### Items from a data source
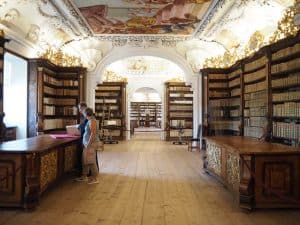 ... bis hin zur mächtigen Bibliothek des Stiftes: Neben Tausenden von Büchern beherbergt das Stift Kremsmünster übrigens auch die größte Globensammlung Österreichs nach Wien!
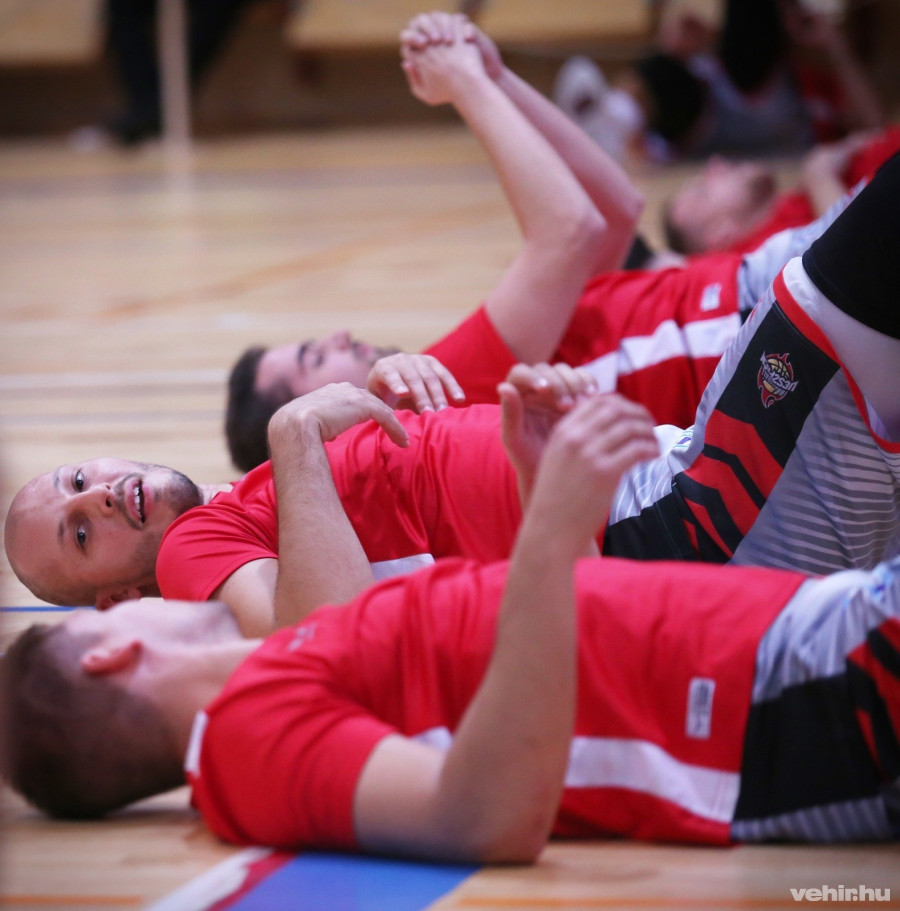 A csapatkapitány, Medve Máté már a bemelegítés alatt is hasznos tanácsokkal látta el társait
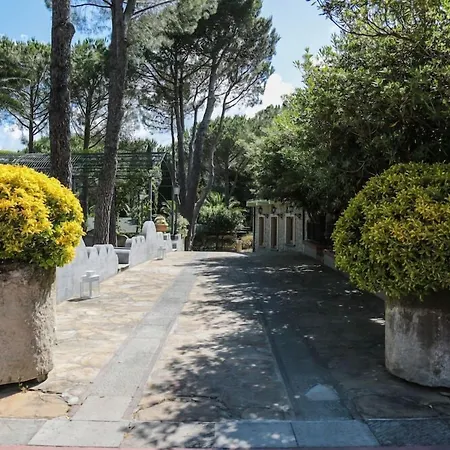 Laura - Antico Borgo Di Sicilia Hotel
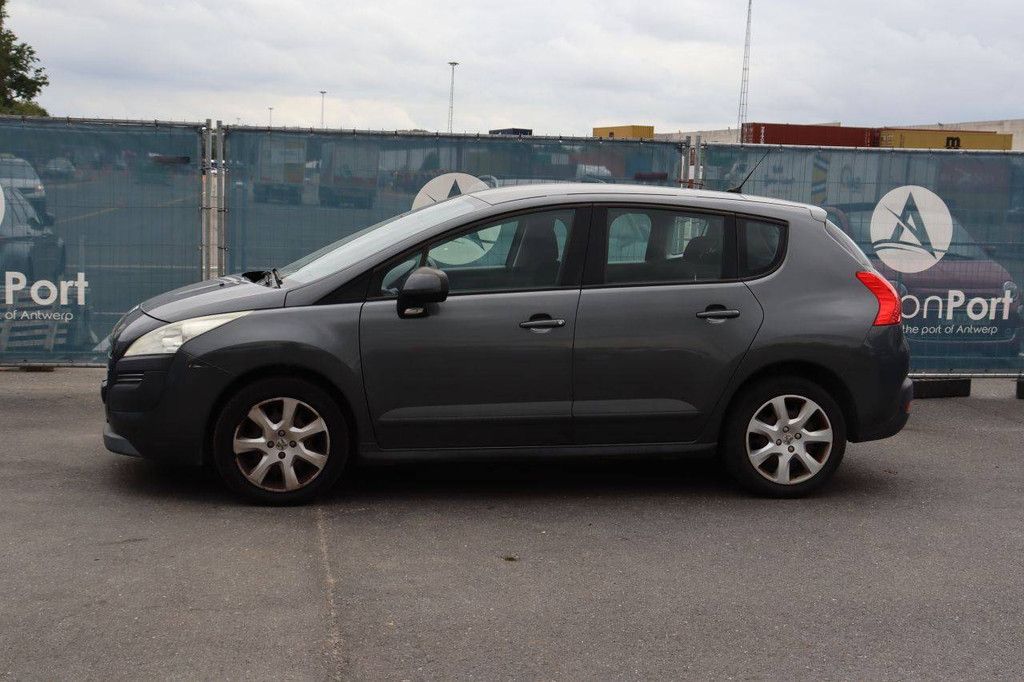 Pkw Peugeot 3008 Benzin 120 PS 2011 (Margin)
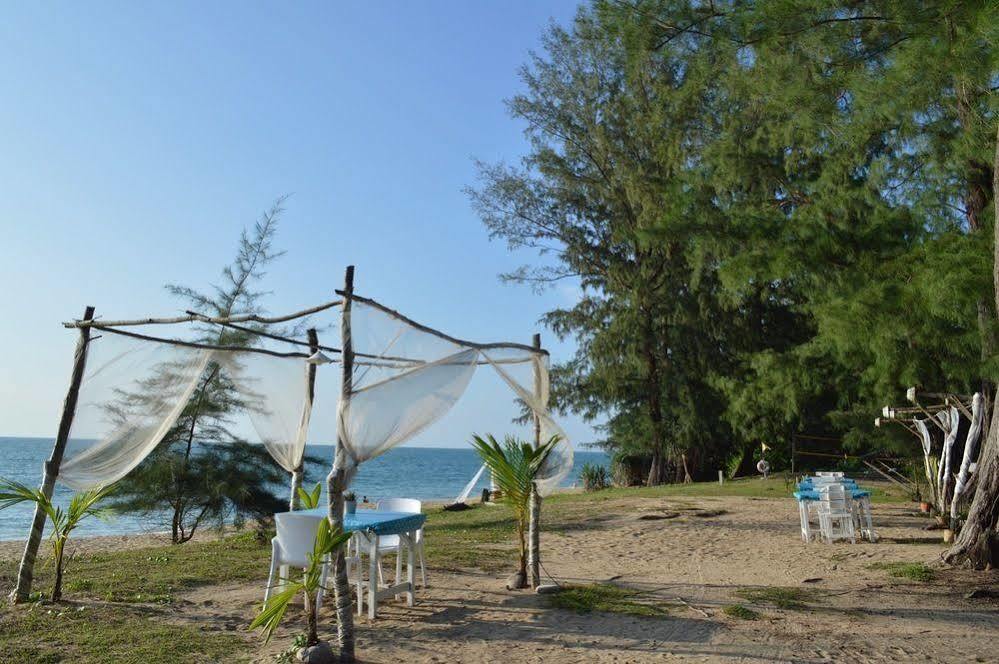 Vakantiehuis Micky Monkey Phuket Maikhao Thailand
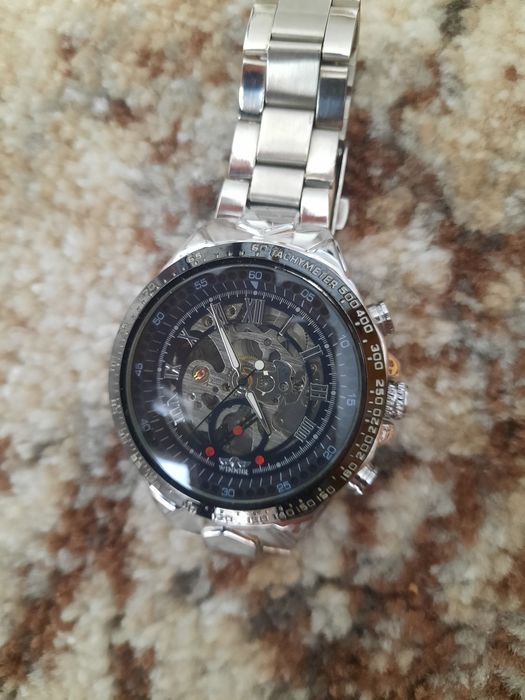 Ceas elegant mecanic. 100 lei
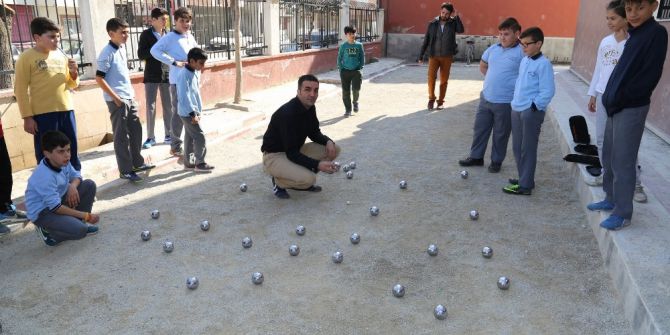 Turgutlu Belediyesinden Öğrencilere Bocce Sahası
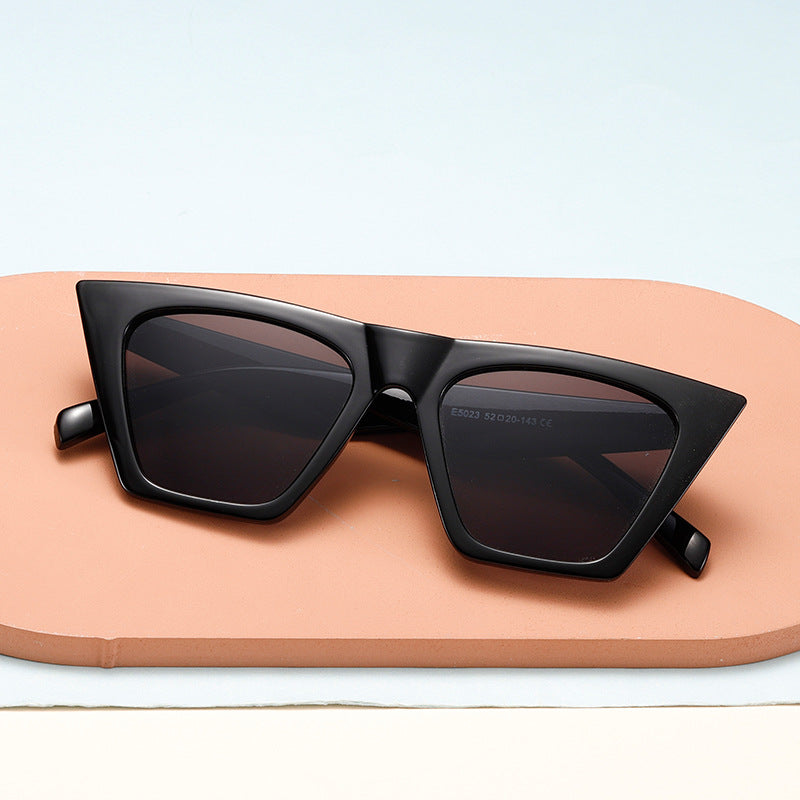 Ladies stylish geometric sunglasses Bowlift
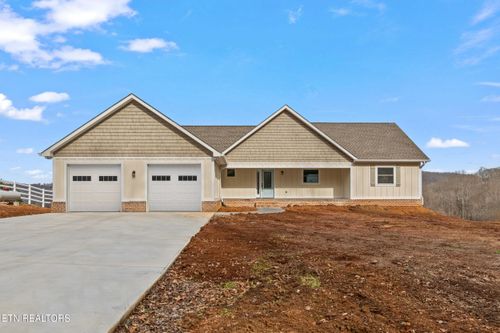 124 Laura Ln, Maynardville, TN, 37807-4987 | Card Image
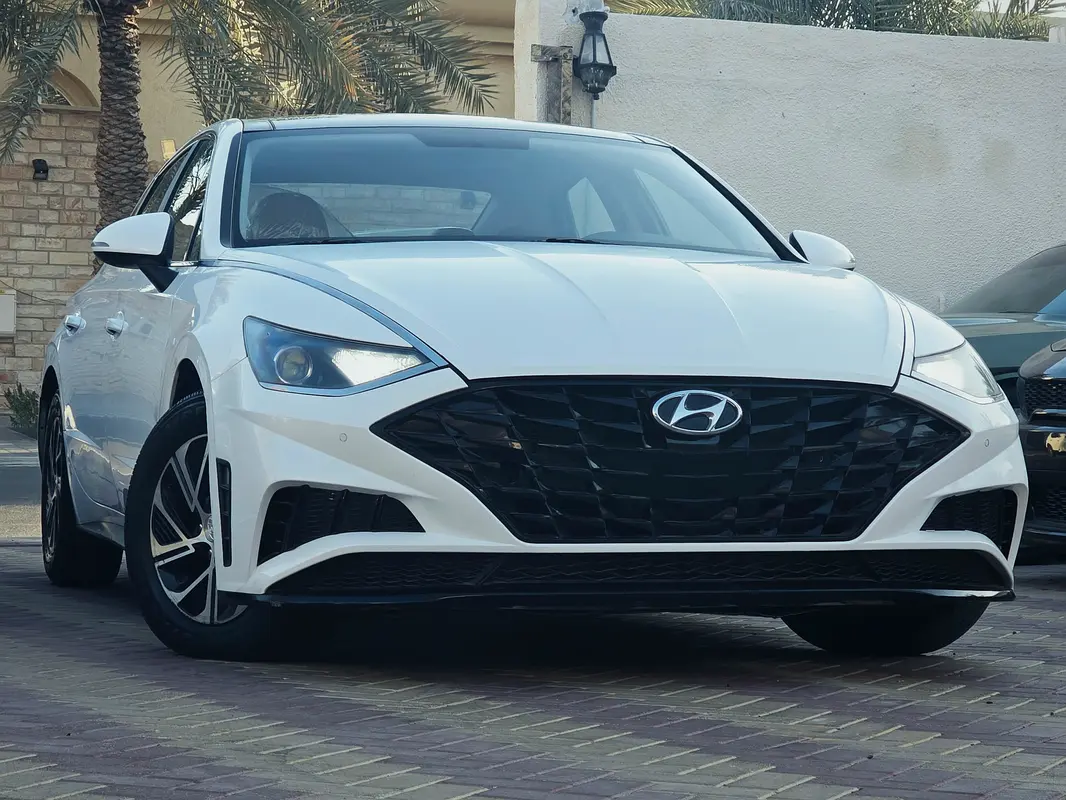 Hyundai Sonata 2023 — photo 1 of 10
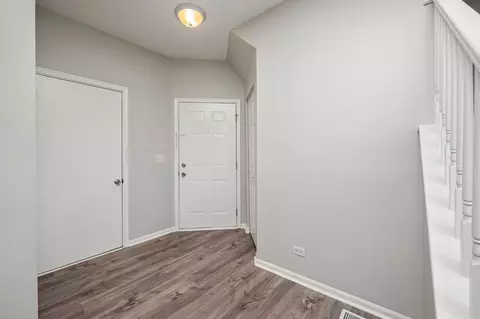 24138 Walnut Cir, Plainfield, IL 60585 photo 4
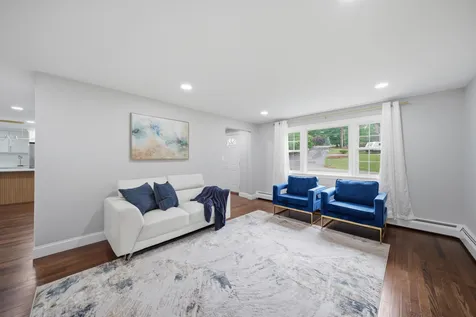 29 Dickens Street Nashua NH 03062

### DIRECTIONS
The full data, repeated exactly and stripped of its pictures, is the expected answer.

### RESPONSE BELOW
 ... bis hin zur mächtigen Bibliothek des Stiftes: Neben Tausenden von Büchern beherbergt das Stift Kremsmünster übrigens auch die größte Globensammlung Österreichs nach Wien!
 A csapatkapitány, Medve Máté már a bemelegítés alatt is hasznos tanácsokkal látta el társait
 Laura - Antico Borgo Di Sicilia Hotel
 Pkw Peugeot 3008 Benzin 120 PS 2011 (Margin)
 Vakantiehuis Micky Monkey Phuket Maikhao Thailand
 Ceas elegant mecanic. 100 lei
 Turgutlu Belediyesinden Öğrencilere Bocce Sahası
 Ladies stylish geometric sunglasses Bowlift
 124 Laura Ln, Maynardville, TN, 37807-4987 | Card Image
 Hyundai Sonata 2023 — photo 1 of 10
 24138 Walnut Cir, Plainfield, IL 60585 photo 4
 29 Dickens Street Nashua NH 03062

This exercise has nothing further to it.